Вер подлетел к зданию клиники Нормы Галликан. Старинный дом был погружен во тьму. Только в коридорах горели тусклые ночные лампы. Краем глаза Вер заметил, как фигурка в голубом скользнула в раскрытое окно на втором этаже. Вер подлетел к окну. В комнате никого не было. Он перелез через подоконник. Что-то ему не нравилось в происходящем… что-то было такое… Он шагнул в коридор. Фигура в голубом отворила дверь дальней комнаты и исчезла. Вер кинулся следом. «Лаборатория изотопов», — значилось на бронзовой табличке. Дверь была свинцовая. Вер содрогнулся. Войти следом не решился. Слишком хорошо знал, что могут с ним сотворить Z-лучи.

— Эй, кто-нибудь, — позвал Вер. В конце коридора возник охранник.

— Как ты сюда попал? — пожилой человек в красно-серой форме уставился на гостя, как коза на горох.

— Влез в окно. Но дело не во мне. В эту дверь только что вошла женщина.

— Ладно, ладно, оставь эту галиматью при себе. Я на таких историях собачий язык съел. Отойди, вот так, и руки за голову. Что тебе здесь надо?

— Говорю, сюда только что вошла женщина!

— А я говорю, что дверь закрыта! — Охранник навалился плечом на свинцовую преграду, и та подалась.

— Надо же… Закрыть забыли. Наверняка мой сменщик. Молодняк. Совсем мозги дырявые. — Он заглянул внутрь.

— Она там? — шепотом спросил Вер.

— Никого. Да защитит меня Геркулес, — пробормотал охранник и вошел внутрь.
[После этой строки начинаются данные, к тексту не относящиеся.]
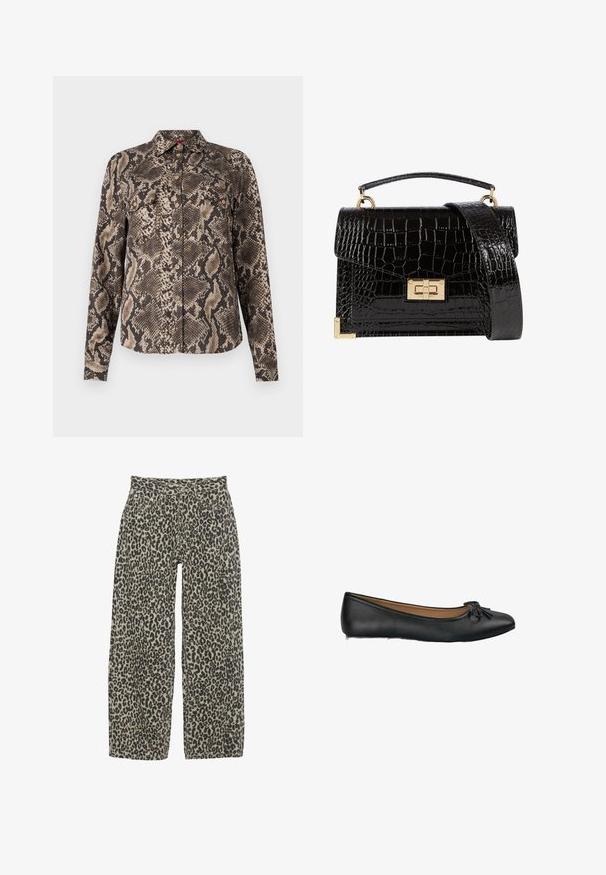 Olive green blazer with a notched lapel, two front pockets, and an open front design. Made from a smooth fabric with a tailored fit.; Brown and beige long-sleeve shirt with a snake print pattern, featuring a button-down front and two chest pockets. Soft fabric texture.; Leopard print wide-leg trousers in a neutral beige and black color scheme. Features a high waist, five pockets, and button closure.; Black leather ballet flats with a rounded toe and a small bow detail on the front. Smooth texture and a flat sole design.; Black patent leather handbag with a crocodile texture, gold hardware, a top handle, and a detachable shoulder strap. Rectangular shape with a flap closure.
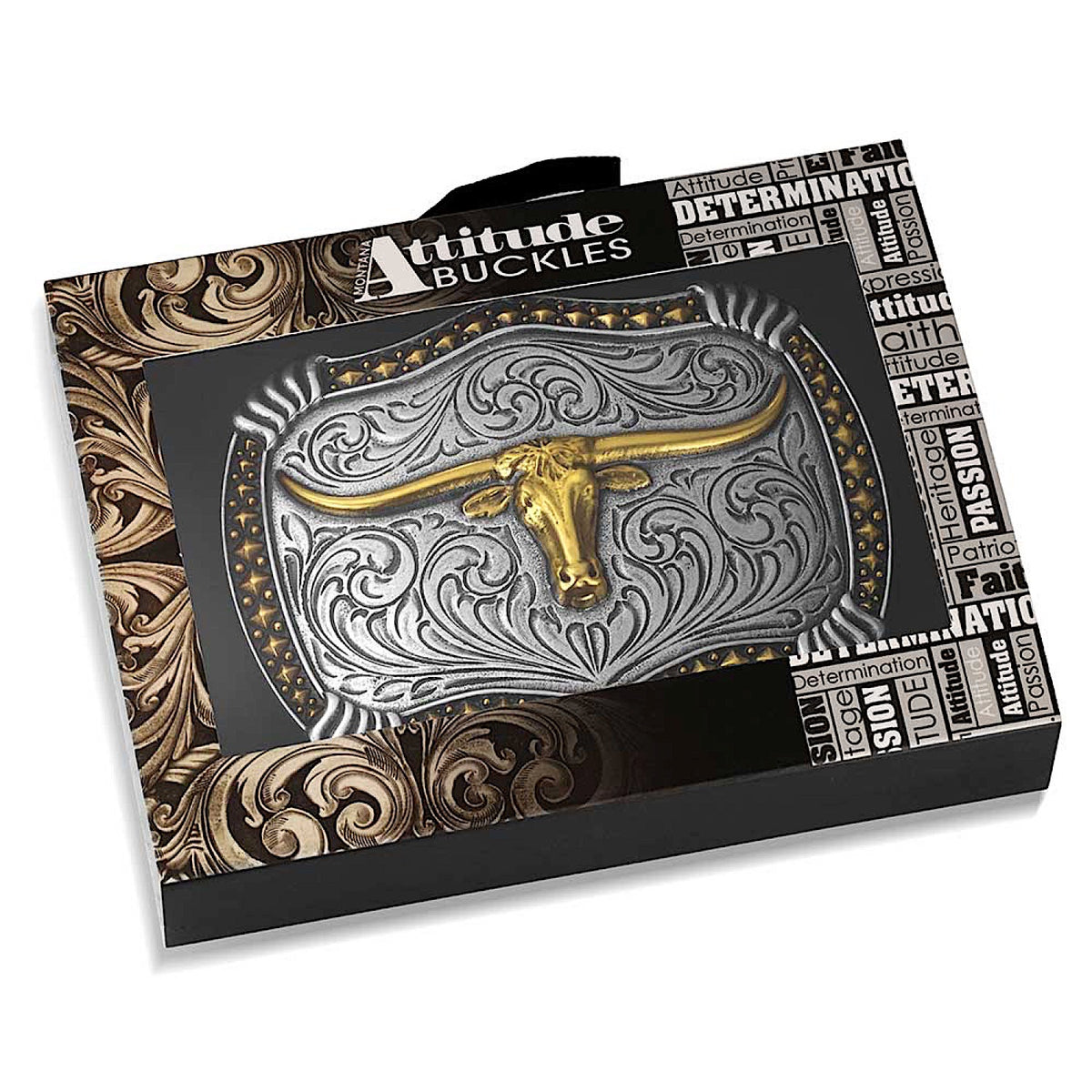Montana Silversmiths Attitude Longhorn Buckle - Longhorn Legacy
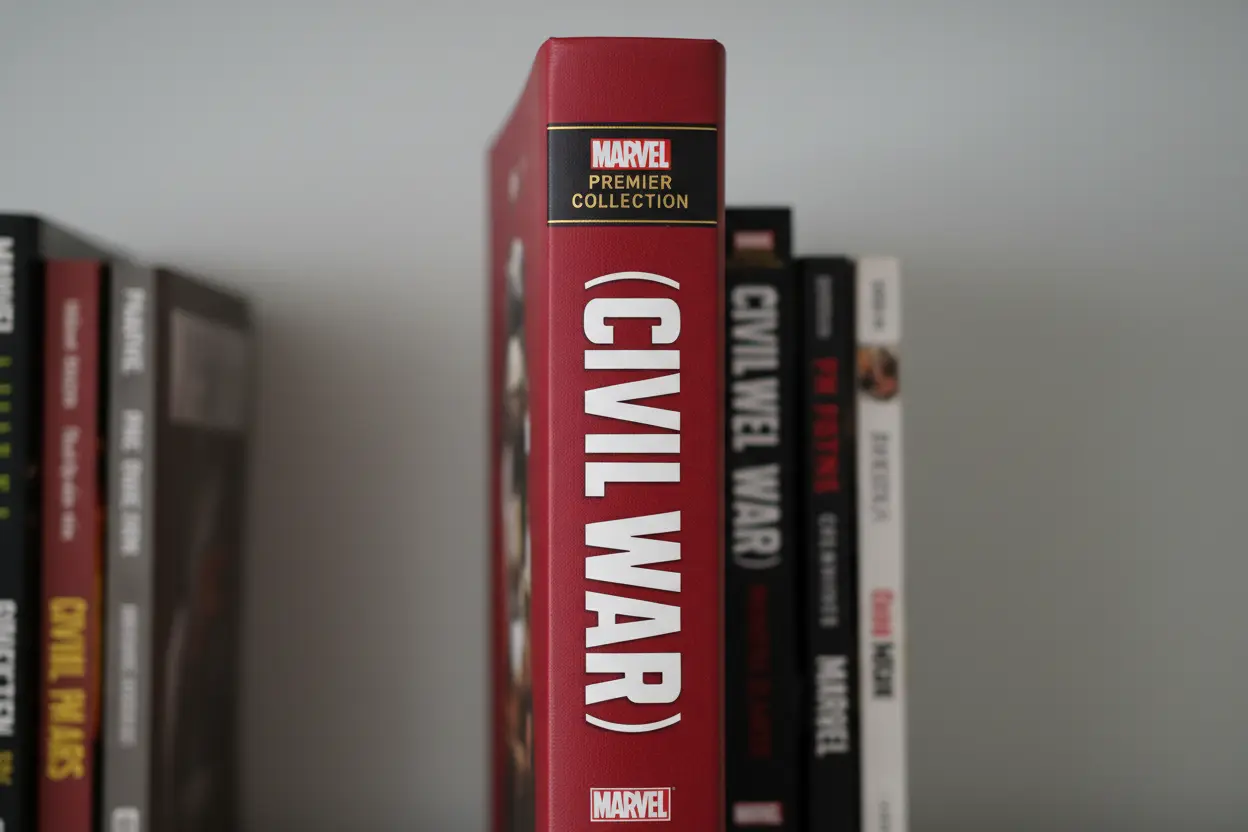 Spine of Civil War Marvel Premier Collection on a bookshelf.
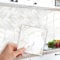 WALPLUS Klebefliesen Bad Glänzend Fliesen Folie 15x15cm Abnehmbar Küchenfliesen Selbstklebend Einfach Peel and Stick Tiles Modern Weiß Marmor Fliesenfolie Bad Küche Renovierung 24 Stück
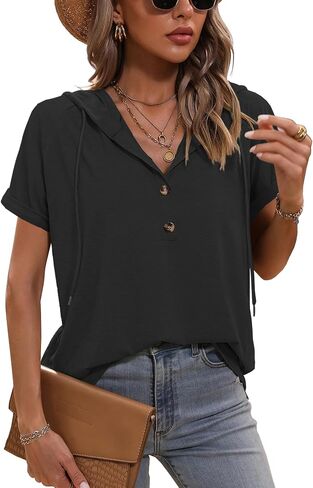 Hoodies for Women Trendy Short Sleeve Button Front V Neck Pullover Tunic Tops Fashion Clothing 2024 in Saudi Arabia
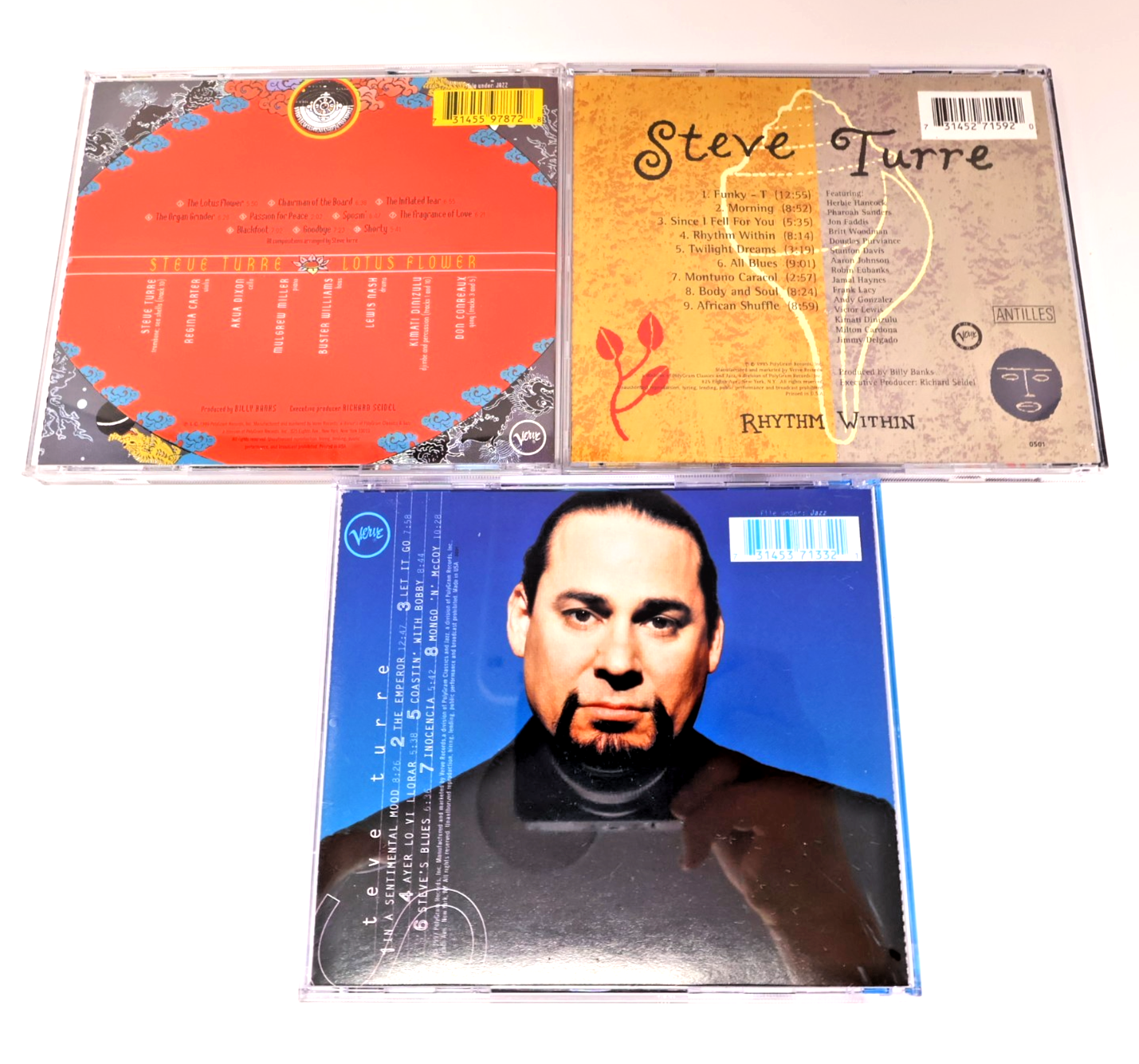 Steve Turre 3 CD Lot Lotus Flower/Self-Titled/Rhythm Within 1990s Jazz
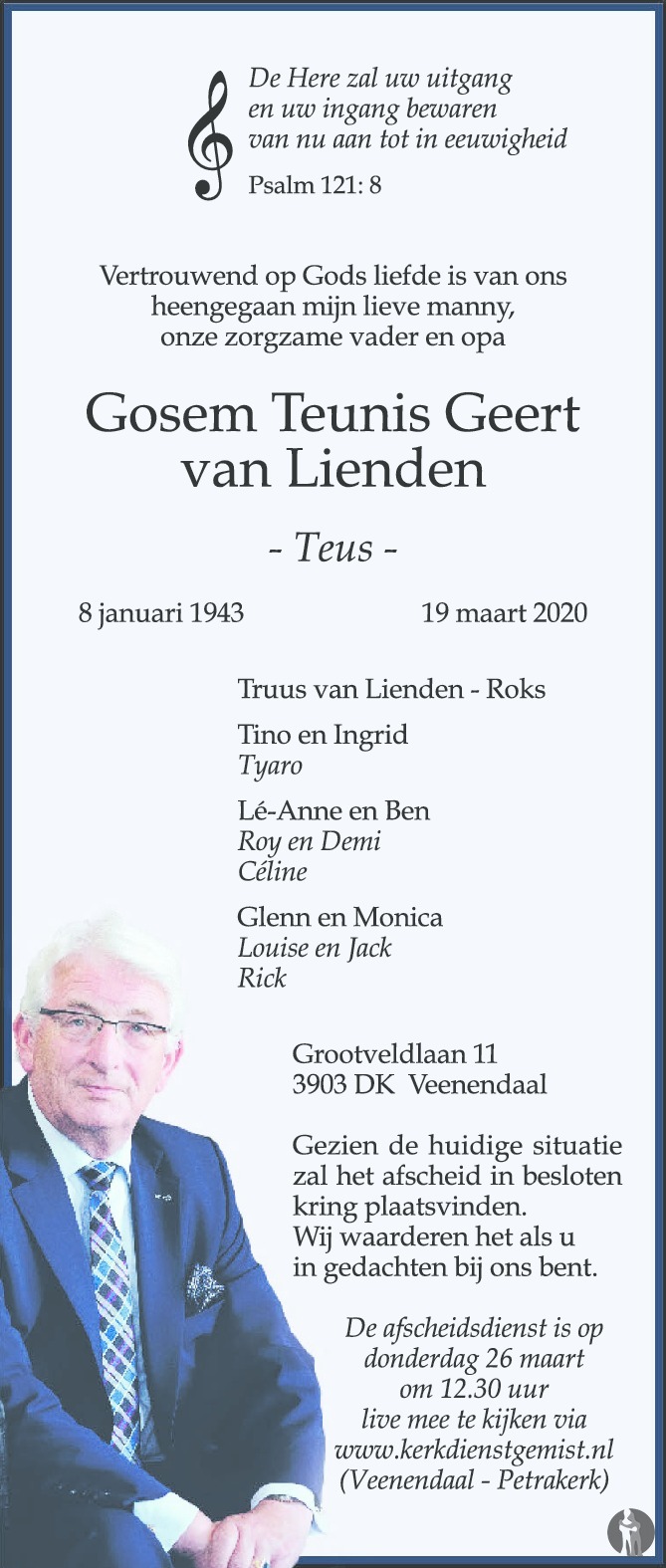 Gosem Teunis Geert (Teus) van Lienden 19-03-2020 ...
Вер тяжело дышал… ему казалось, что он видит сквозь свинец длинный стол с мраморной столешницей и на нем какие-то толстостенные бутыли. Они светятся в темноте… Страшный зеленый свет…

Вер покрылся липким потом.

Охранник вышел.

— Никого… Но одна из емкостей пуста. Будто кто-то ее вылизал. Вот уж не думал, что эту гадость можно жрать.

— Окно? — и тут Вер понял, что задал дурацкий вопрос: в этой комнате не было окон.

Психея исчезла. Он мог бы и не спрашивать охранника. Он это почувствовал.

— Идем со мной. Кто ты? Зачем пришел? — охранник быстро провел ладонями по бокам, обыскивая подозрительного посетителя — не стырил ли тот чего. Но у Вера при себе ничего не было — даже денег. — Так зачем явился?

— Сам не знаю. Я должен был отправиться совсем в другое место.

— Ну так проваливай. Вигилов звать неохота.